Will the rectangle be rendered or will it be ignored by default?

Answer 1

i create this demo http://jsbin.com/okoful/edit#javascript,html,live using two canvas and i conclude that if we draw outside of canvas it will not render it.

var canvas1 = document.getElementById('canvas1');
var ctx1 = canvas1.getContext('2d');
ctx1.fillRect(50, 50, 300, 300);
var canvas2 = document.getElementById('canvas2');
var ctx2 = canvas2.getContext('2d');
ctx2.translate(0,0);
ctx2.drawImage(ctx1.canvas,0,0);

$("#debug").text("Output: ");

Answer 2

It's actually different for different browsers and different drawing commands.

IE9 has wisened up and does a no-op on drawImage calls if the image is out of the canvas' bounds. This is easily noticeable in the IE9 performance profiler.

This might be an optimization that is only done when the transformation matrix is identity, I haven't checked otherwise.

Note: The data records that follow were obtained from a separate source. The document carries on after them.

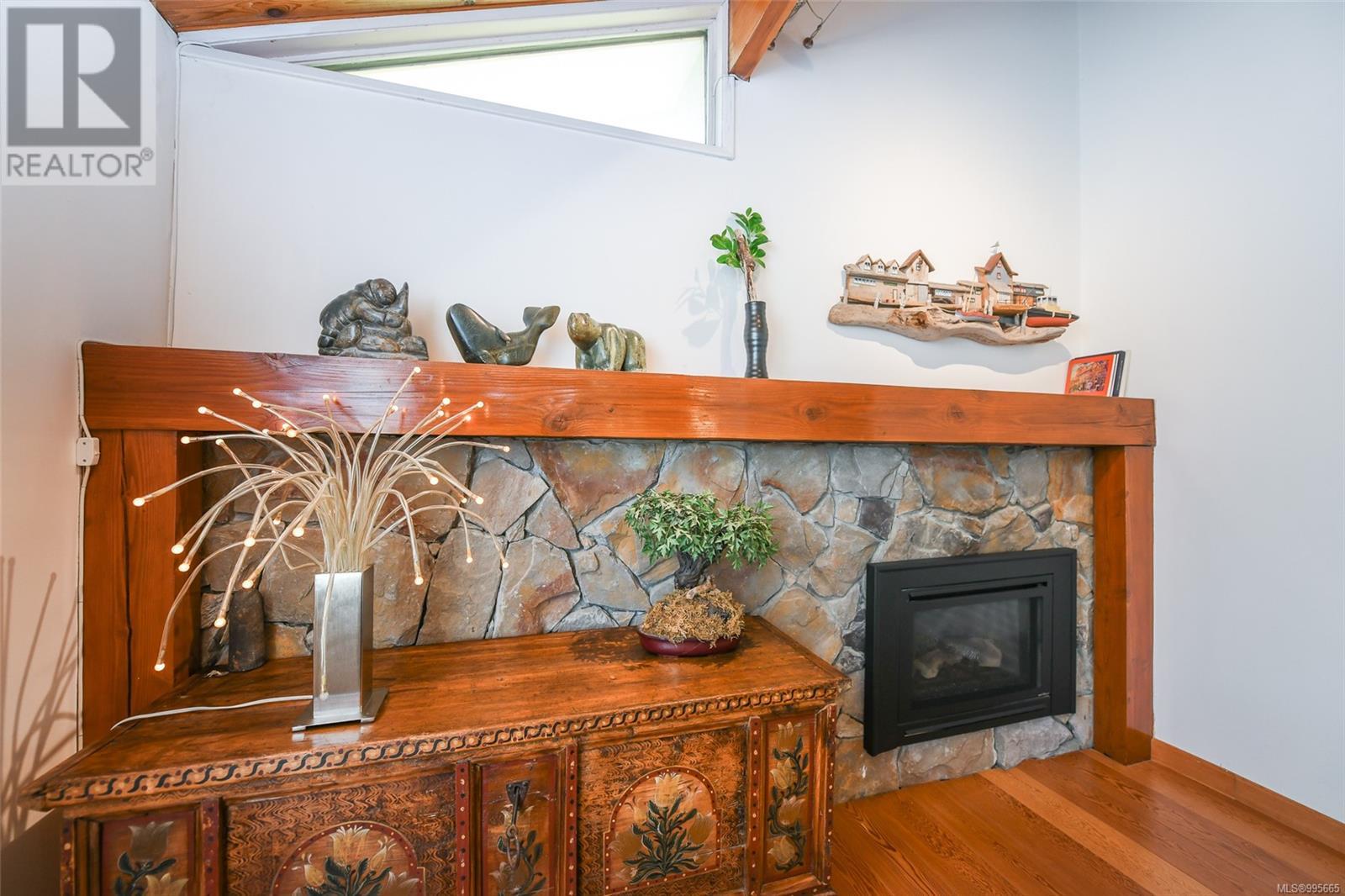 231 Beach Dr, Comox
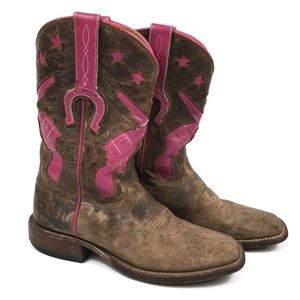 Macie Bean Pink Brown Pistol Guns Stars Boots 7.5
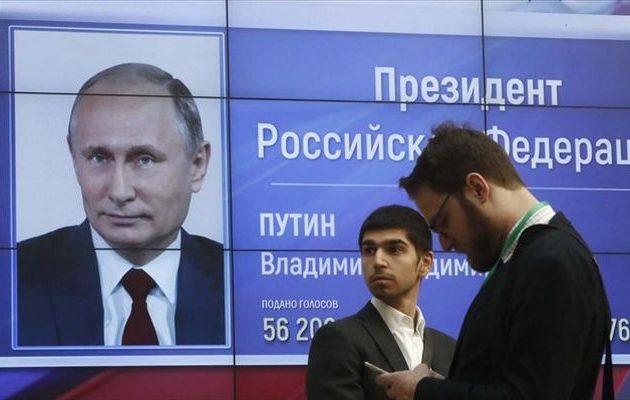 «Σιγή ασυρμάτου»: Κανένας δυτικός ηγέτης δεν έχει τηλεφωνήσει στον Πούτιν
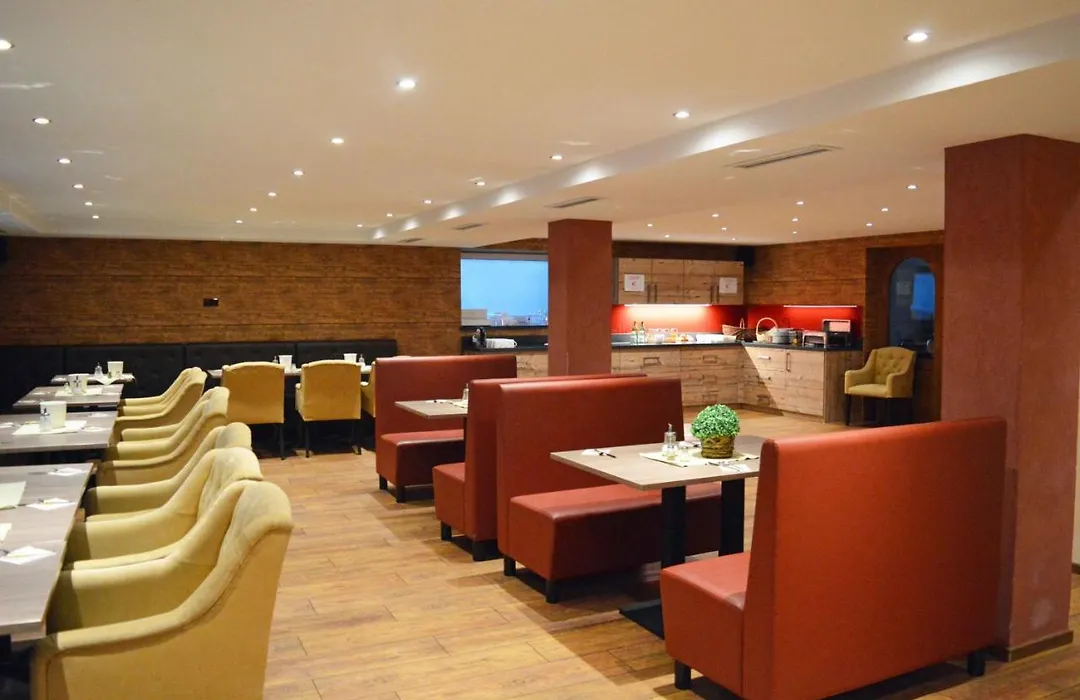 Aparthotel Jägerhaus-1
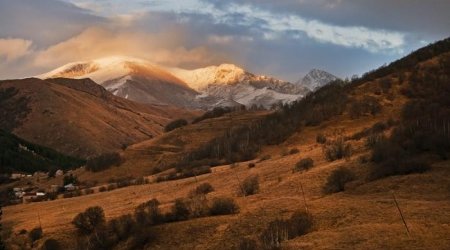 Azərbaycan Ordusuna məxsus yük maşını Ermənistanda - VİDEO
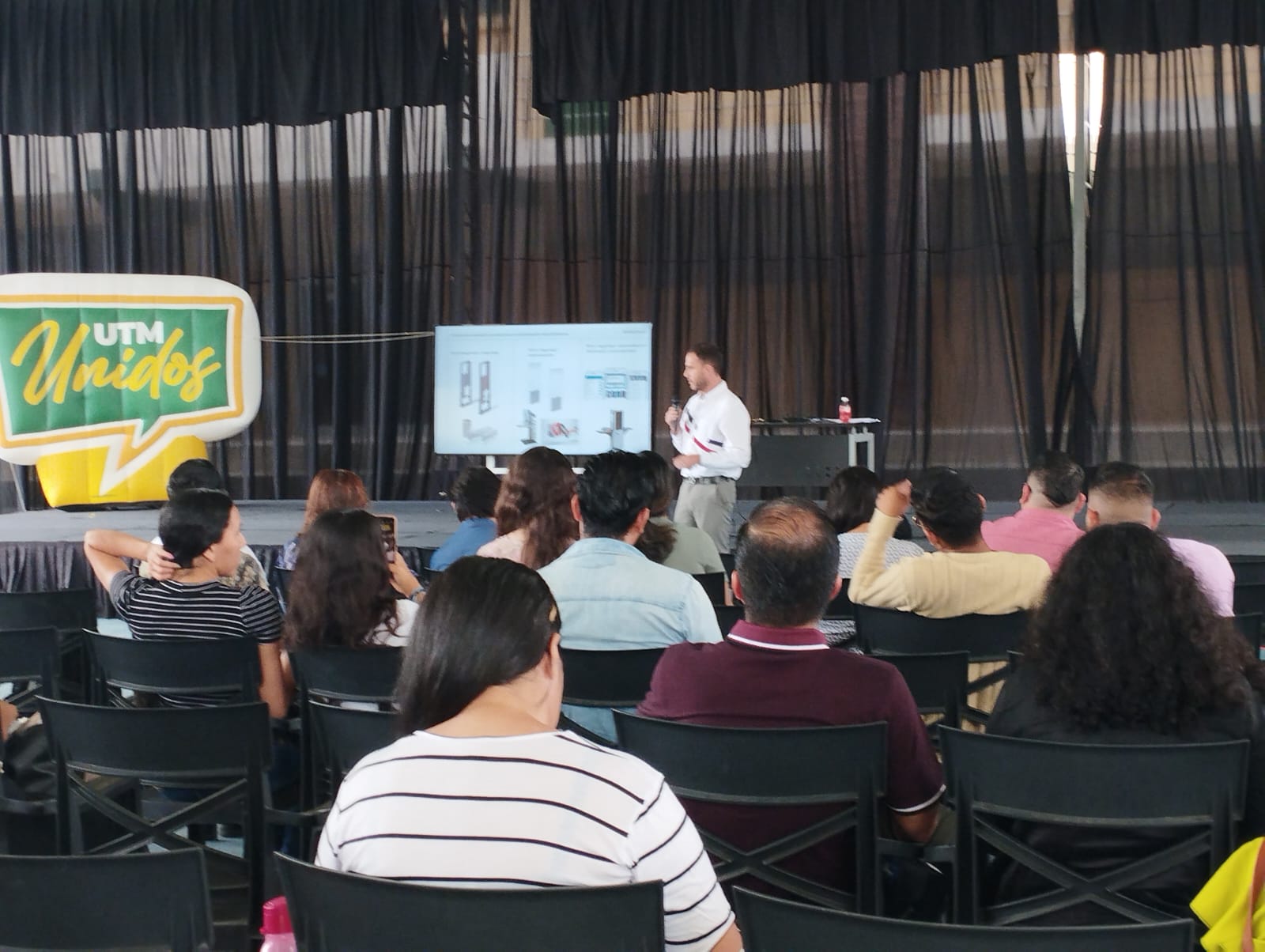 Participación Destacada de Bibliotheca y Cayman Systems en el Congreso Internacional de Bibliotecarios del Ecuador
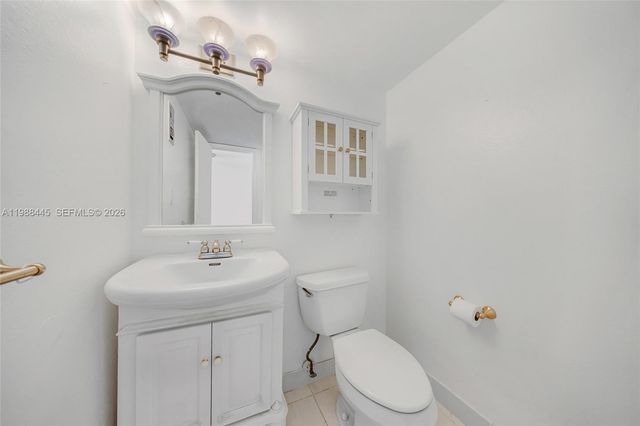 6900 Bay Dr 7E, Miami Beach, FL 33141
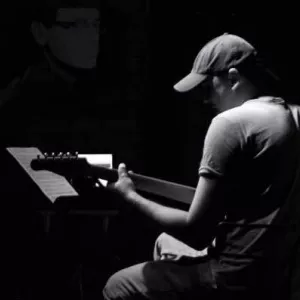 Уроки игры на гитаре и укулеле ОНЛАЙН!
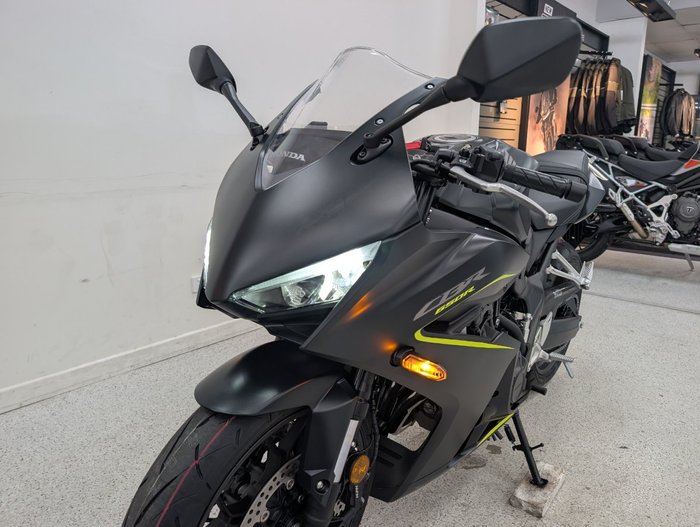 2025 Honda CBR650RAC Black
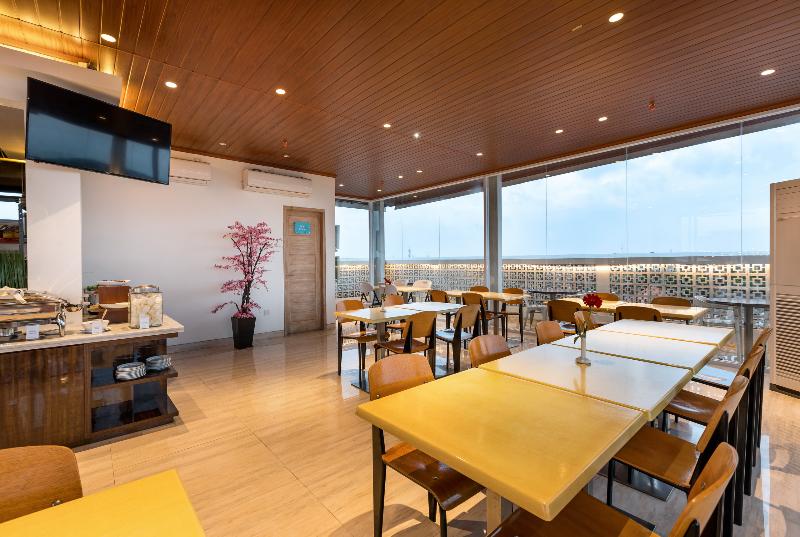 Boss Legian Hotel Powered by Archipelago - Restoran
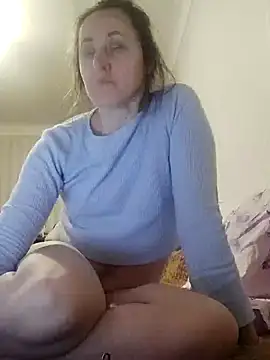 Snapshot of emeli_moon chatting on December 14, 2025, 7:14 am emeli moon online show from December 14, 2025, 7:14 am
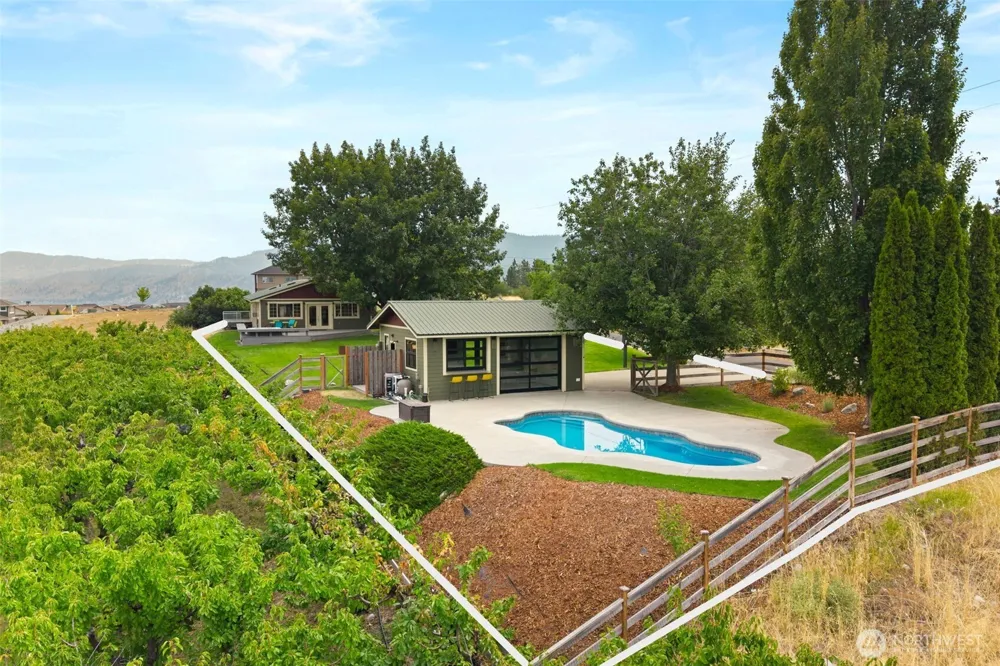 820 Summit Boulevard Manson, WA 98831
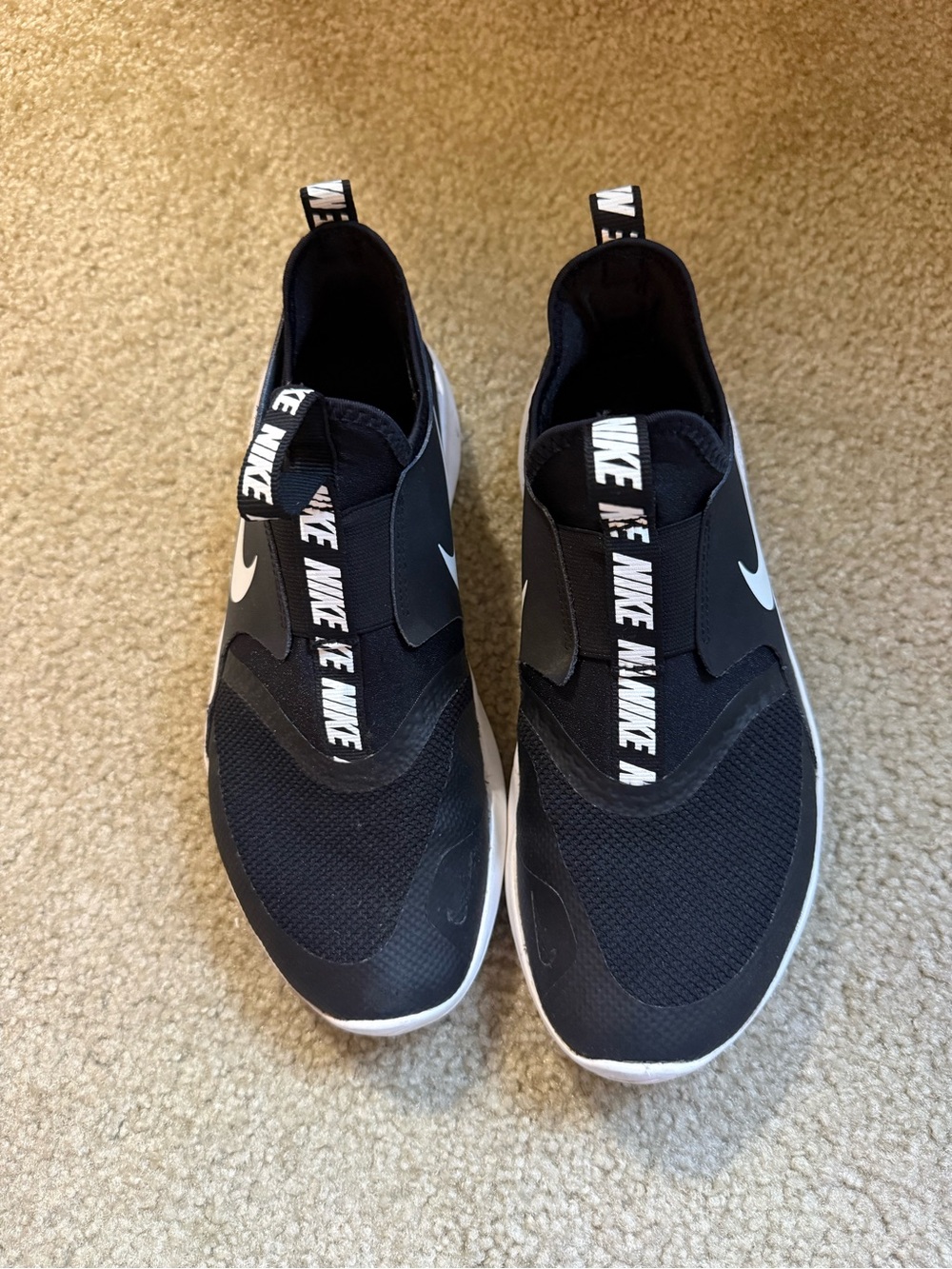 Nike Youth Slip-On Sneakers - Black & White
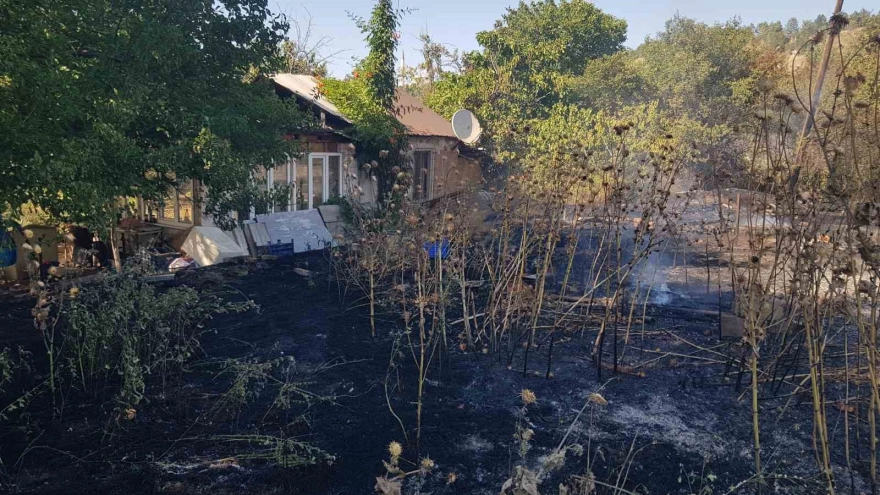 Karabük'te seralar bölgesindeki anız yangını endişe yarattı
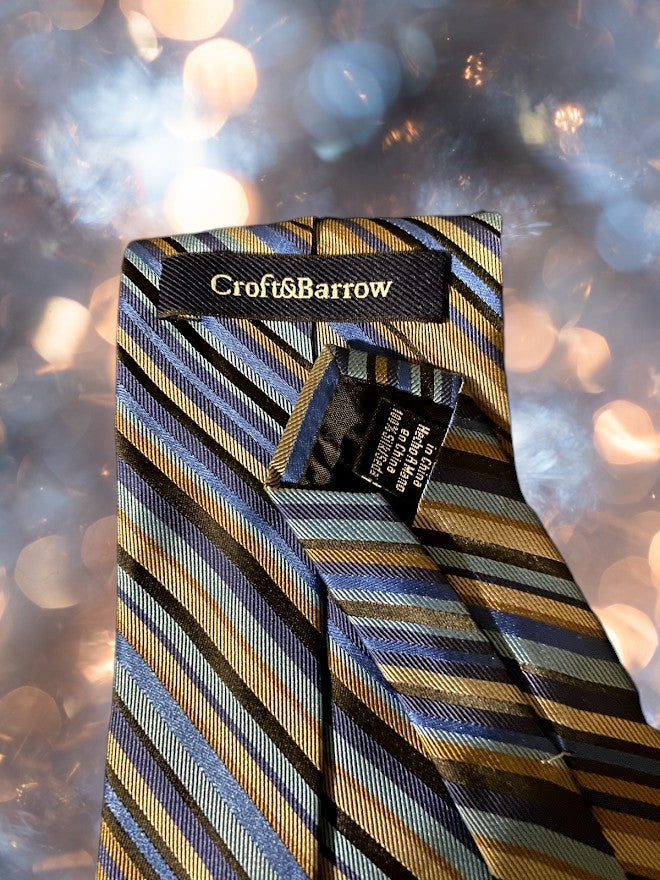 Unlock your professional image with this handmade Croft & Barrow luxurious silk tie
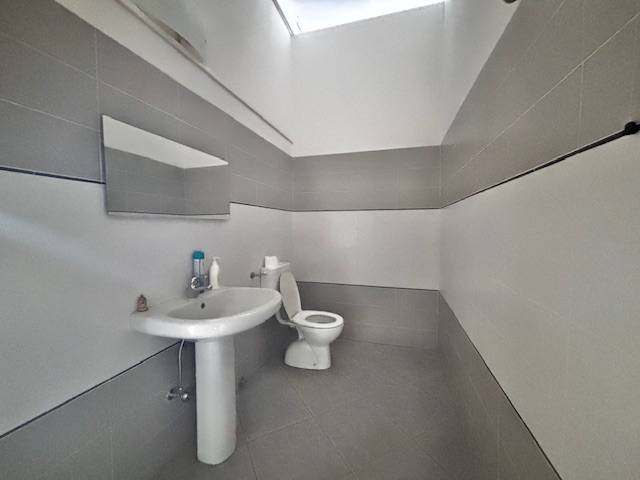 Negozio in affitto a Malnate, Centro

Other browsers differ, of course!

Answer 3

Short of looking at the source code for a browser, I don't think there is any way to know. The spec does give us one hint:

When a shape or image is painted, user agents must follow these steps, in the order given (or act as if they do):

Render the shape or image onto an infinite transparent black bitmap

Note the word 'infinite'. So the spec does suggest the browser should render things that are beyond the bounds of the canvas. But if I had to guess, most browsers will notice the shape is outside the current clipping region and drop the call. There is no way to render something beyond the bounds of the canvas then "scroll" it into the view, the canvas has no concept of that.